И вот в одной маленькой деревне группа молодых слушателей решила что-то спросить о конькобежцах. Спорт, надо сказать, всегда был популярной темой у норвежской аудитории, норвежские сотрудники Московского радио знали об этом и пытались повлиять на содержание программ.
Но, чтобы не привлекать возможное внимание спецслужб, та группа отправила письмо не от себя лично, а от имени деревенского дурачка. Ему и пришел ответ. Таких историй много.
- Касалась ли радиостанция проблем королевской власти в Норвегии – или руководство советского СМИ предпочитало не затрагивать эту тему?
- Почти нет. Такие вопросы воспринимались как политически некорректные, критики политической системы не было. О повседневной жизни в Норвегии почти не рассказывали, речь больше шла о внешней политике, отношениях с НАТО.
- Понятно, почему люди слушают чужое радио в годы войны – они получают совсем другую информацию. Но зачем его слушать в 50-60-е годы? Об СССР совсем ничего не говорилось в норвежских СМИ?
- В ту пору на норвежском радио была лишь одна «кнопка», и перерывы между передачами днем оказывались порой весьма внушительными, по два-три часа. Так что если возникала возможность услышать другую радиостанцию на норвежском языке, люди этому радовались. После войны (в Норвегии оказалось более 100 000 советских военнопленных) интерес, и даже симпатии к СССР были огромными.
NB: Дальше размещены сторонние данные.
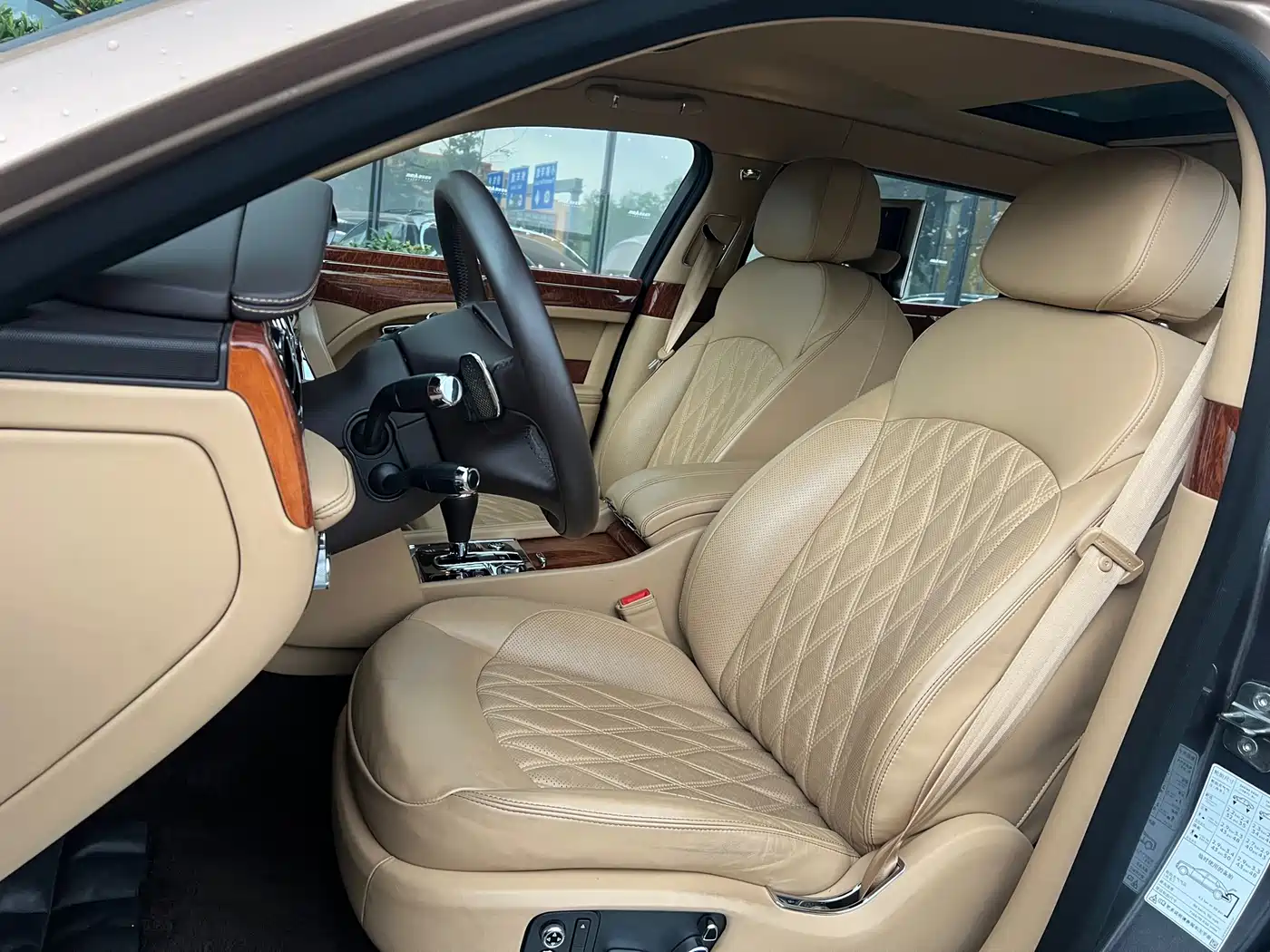 Bentley Mulsanne 2017 6.8T Long Wheelbase фото 6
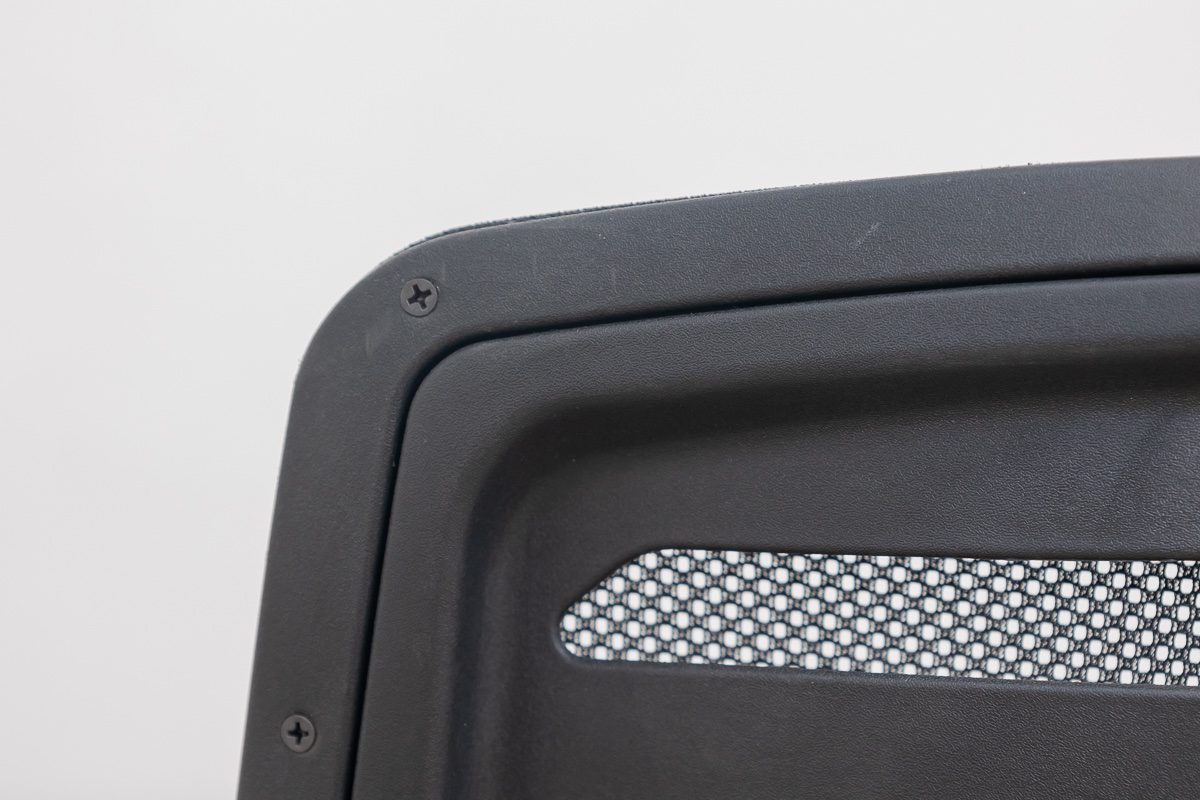 Chaise de Bureau Ergonomique COBY (HT-7008B) – Design Moderne, Dossier Bas en Résille, Tissu Noir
- Передачи велись на новом норвежском или на букмоле?
- Думаю, на букмоле. Не знаю, были ли в редакции люди, владевшие нюнорском.
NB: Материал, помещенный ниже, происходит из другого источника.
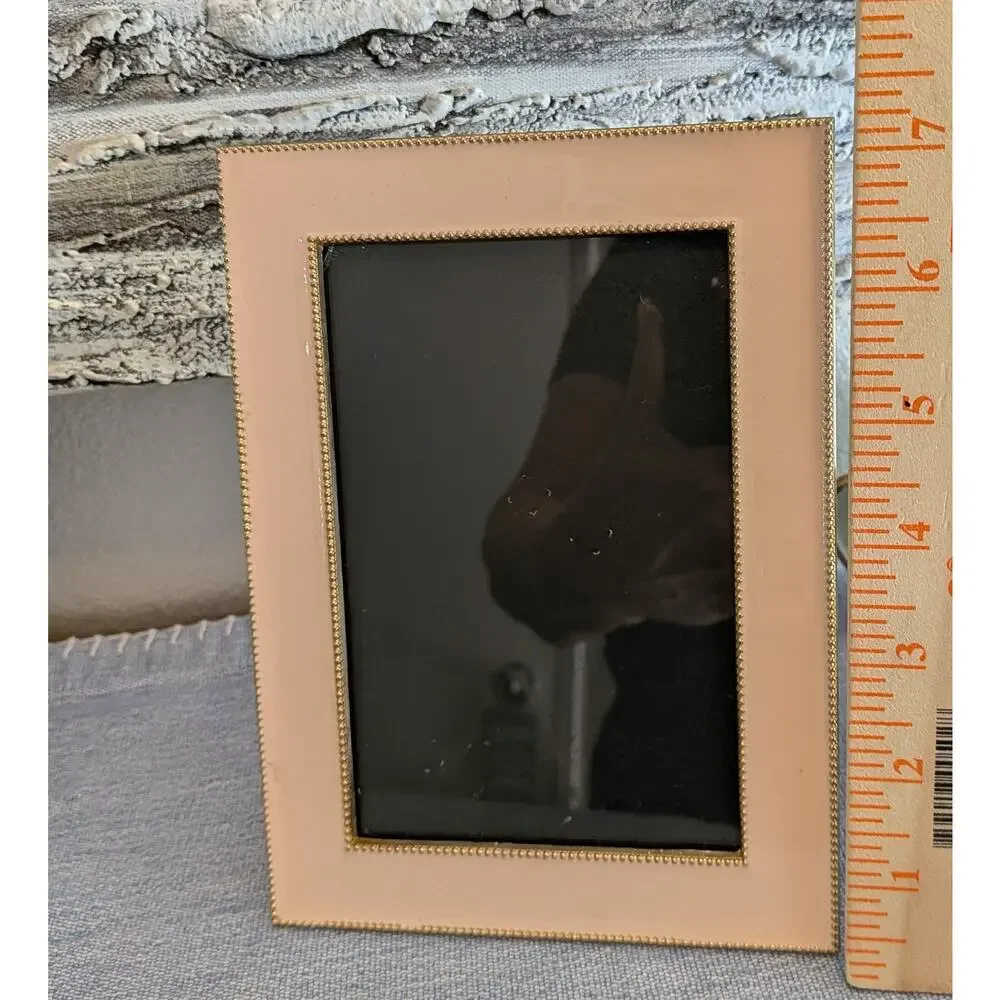 Picture Frame Sheffield Home Blush Pink Enamel Gold Beaded Trim Tabletop 4x6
- В книге есть замечание, что язык программ не всегда отличался чистотой стиля.
- Одно время среди дикторов и редакторов не хватало тех, для кого норвежский был родным. Советские сотрудники говорили по-норвежски хорошо, но все-таки было понятно, что это выученный, а не родной язык. Поэтому и решили приглашать сотрудников из Норвегии.
- Есть ли архивные материалы, которые так и не удалось заполучить?
– Нет, хотя что-то стало известно уже после выхода книги. Но главное в ней – это использование расшифровок программ, сделанных по заказу норвежских спецслужб. По ним можно узнать подробное содержание передач. Такого материала нет даже в Москве. Когда я узнал, что папки с ним хранятся в государственном архиве, тогда и решил делать книгу. Другой материал разыскивал уже в московских архивах, сотрудники которых мне очень помогли.
- Есть ли разница между норвежским и русским изданием?
- Я смягчил в переводной версии ту часть текста, где идет речь о доносах на московском радио в сталинское время. В русском издании попытался объяснить психологию писавшей их женщины. Дочь репрессированного командарма, она явно опасалась и за себя, и за близких.
- В послесловии вы опубликовали свой e-mail с предложением присылать отзывы и комментарии. Какие интересные письма Вам поступили?
- А там опечатка! Правильный адрес – Этот адрес электронной почты защищен от спам-ботов. У вас должен быть включен JavaScript для просмотра. . Так что письма пока что не приходили.